TASK OBJECTIVE =>
With pictures excluded, copy word for word the lines in the data below from the line containing "Клей монтажный Tytan" through the line containing "Proguest Akvamarin paplan".

DATASET =>
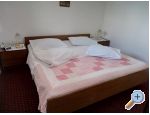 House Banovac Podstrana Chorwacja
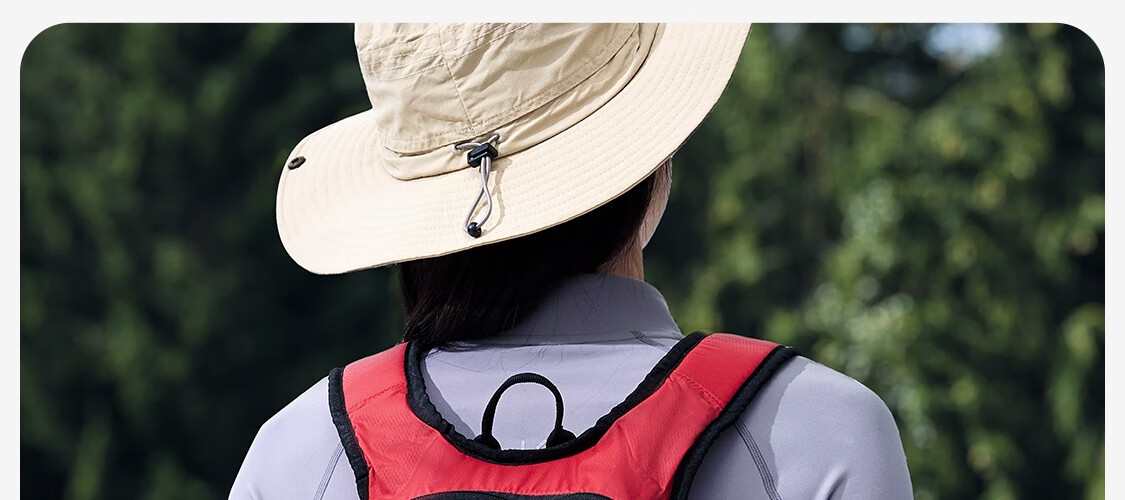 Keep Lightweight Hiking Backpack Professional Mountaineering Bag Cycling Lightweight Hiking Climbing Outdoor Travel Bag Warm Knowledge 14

...

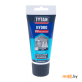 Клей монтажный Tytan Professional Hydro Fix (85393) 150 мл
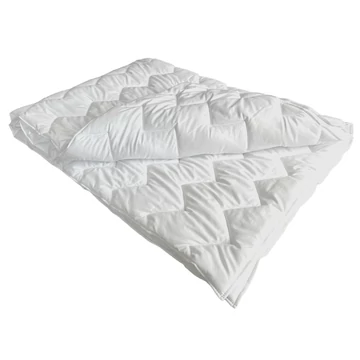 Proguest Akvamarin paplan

ANSWER SECTION =>
 Клей монтажный Tytan Professional Hydro Fix (85393) 150 мл
 Proguest Akvamarin paplan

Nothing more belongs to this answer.